Having rebuffed a larger offer from Pittsburgh billionaire Stanley Druckenmiller earlier in the year, there were not a lot of suitors coming forward, especially in the present financial environment. With former Commissioner Tagliabue helping the league and Dan Rooney sort through the web of issues in this case – the lack of a 30% majority owner, as required by the league, the gambling interests in racetracks in Florida – the hope is that this all gets sorted out prior to a league meeting in December.
Although Goldman-Sachs estimated the value of the team at around 1B, as did the Forbes rankings, those estimates were before the turmoil of the present economy. Rooney’s present bid would buy out the four remaining brothers 64%. The Pittsburgh Tribune-Review reported on its Web site Friday night in a story about the probable deal with a price to the brothers of 750M. The Pittsburgh Post-Gazette reported a price of 800M.
Either way, the soap opera-like story full of feuding brothers, racetracks, a venerable owner, an iconic franchise, a billionaire suitor, and a watchful league is nearing its final episode. We think.
November 17, 2008
12:23 pm
You write that there is “no legal obligation for the NFLPA to provide any licensing income to retired players.” While that might literally be true, the plaintiff was a paying dues member of the NFLPA and, as such, his union was supposed to represent his best interest–not screw him by advising EA how to scramble his image. That’s a clear breach of a fiduciary duty.
Your view of this lawsuit continues to be very one-sided.
November 17, 2008
2:09 pm
Yep, while I recognize that the union might not be contractually obligated to the retirees, or whatever term you’d use, the fact is that they ARE obligated to them in reality. Come on, you know that. We all know that.
The union’s got control of all these billions…give some to the old guys.
November 17, 2008
2:49 pm
Andrew, as always, great insight. With the Franchise Tag for Cassel, the downside I am seeing is that they ahve to tie up close to 20% of their cap money on 2 players - if Cassel would decide to play for the Patriots for one year under the tag, and they’d have other injuries, they’d pretty much be in a bind, paying large money for both Brady and Cassel.
November 17, 2008
3:49 pm
This may be romancing the rules just a bit, but:
–IF EA Sports would owe the Retirees for using their “unscrambled” likenesses, pursuant to:
(a)A licensing agreement between EA and the NFLPA;
(b)Which was intended to benefit the Retirees;
–THEN, a legal obligation in favor of the Retirees arguably arose.

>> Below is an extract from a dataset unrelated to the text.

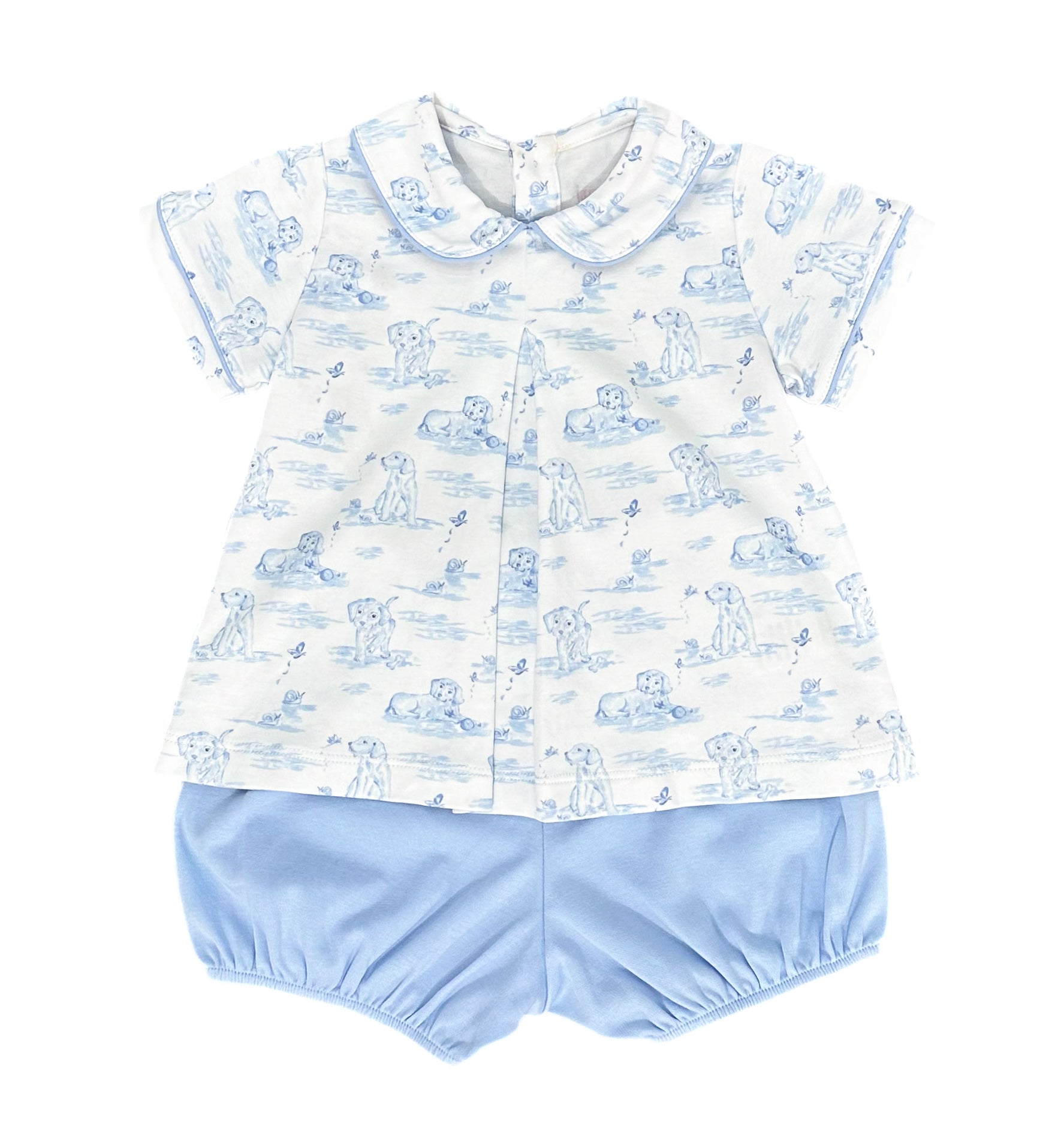 Rory Puppy Knit Diaper Set (Infant)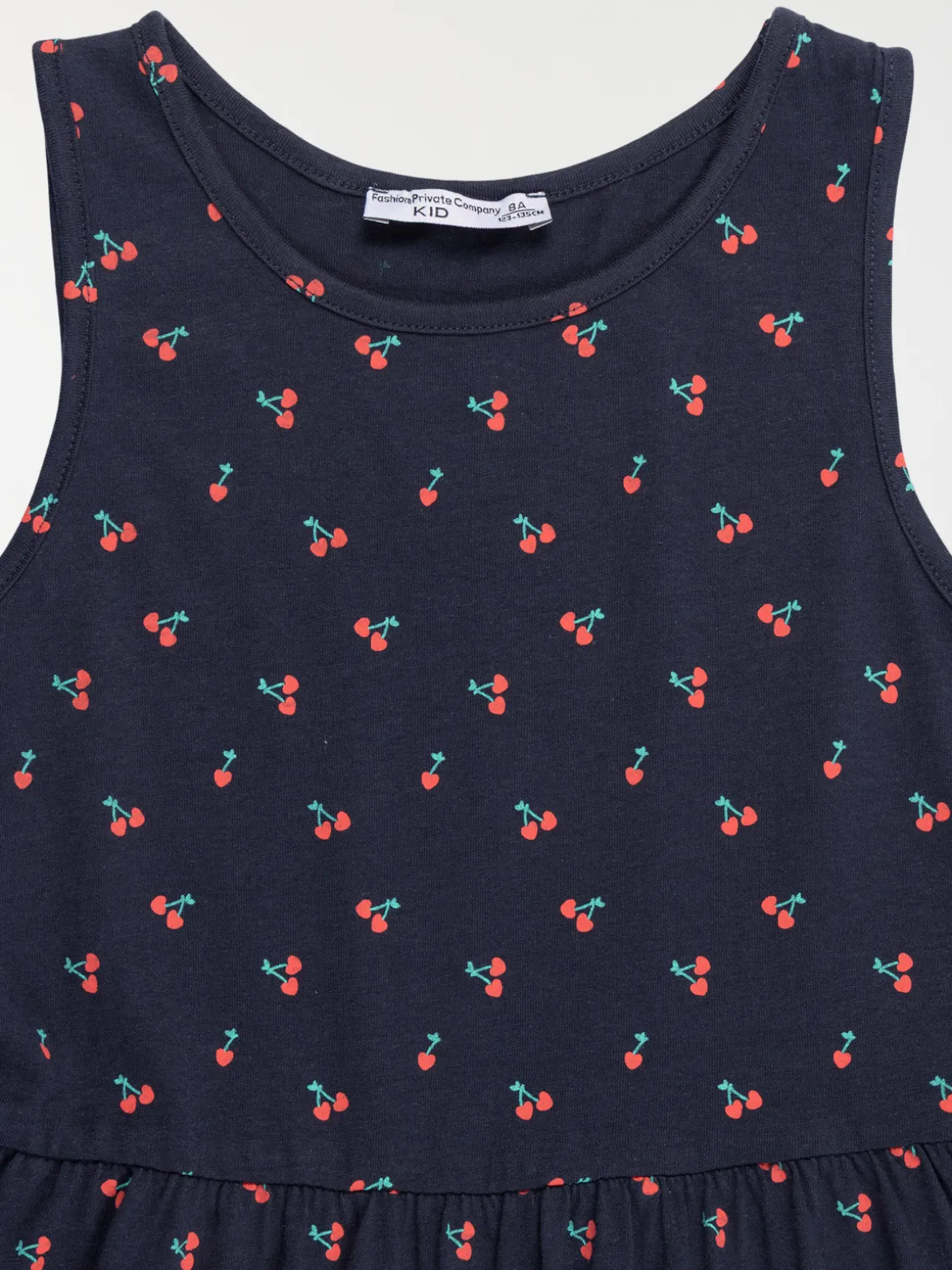 Robe imprimé cerise fille (3-12A)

The NFLPA implicitly acknowledged as much when it directed EA to scramble the Retiree likenesses, to avoid having to pay Retirees on sales of “vintage” EA games.
I don’t think Mr. Brandt has been overly pro-union in his statements. Obviously, this was a difficult case for plaintiffs, and their counsel was able to sell it. The punitive damage award is especially stunning.
November 17, 2008
10:53 pm
Just playing it straight with the former players would have been so much easier in the long run. EA could have afforded to pay it and the games would be better with actual names and likenesses of the greats.
I am not a litigious individual by nature but the NFLPA got what they deserved.
November 20, 2008
1:02 pm
The difference in the Trib and the PG was disclosed in a previous story. For the readers, the Trib always has explained the need of subtracting out business debt, a concept the PG doesn’t seem to really understand.
For the $750 million pricetag, it’s less the estimated business debt held by the brothers, mostly in connection with the stadium financing. Obviously, neither the brothers nor their other relatives would pocket the full proceeds of the sale. They would need to pay off their creditors.
I read both papers, and the PG has been out of its depth on business issues. The Trib seems to make a stronger effort to understand these concepts and translate them to the layreader.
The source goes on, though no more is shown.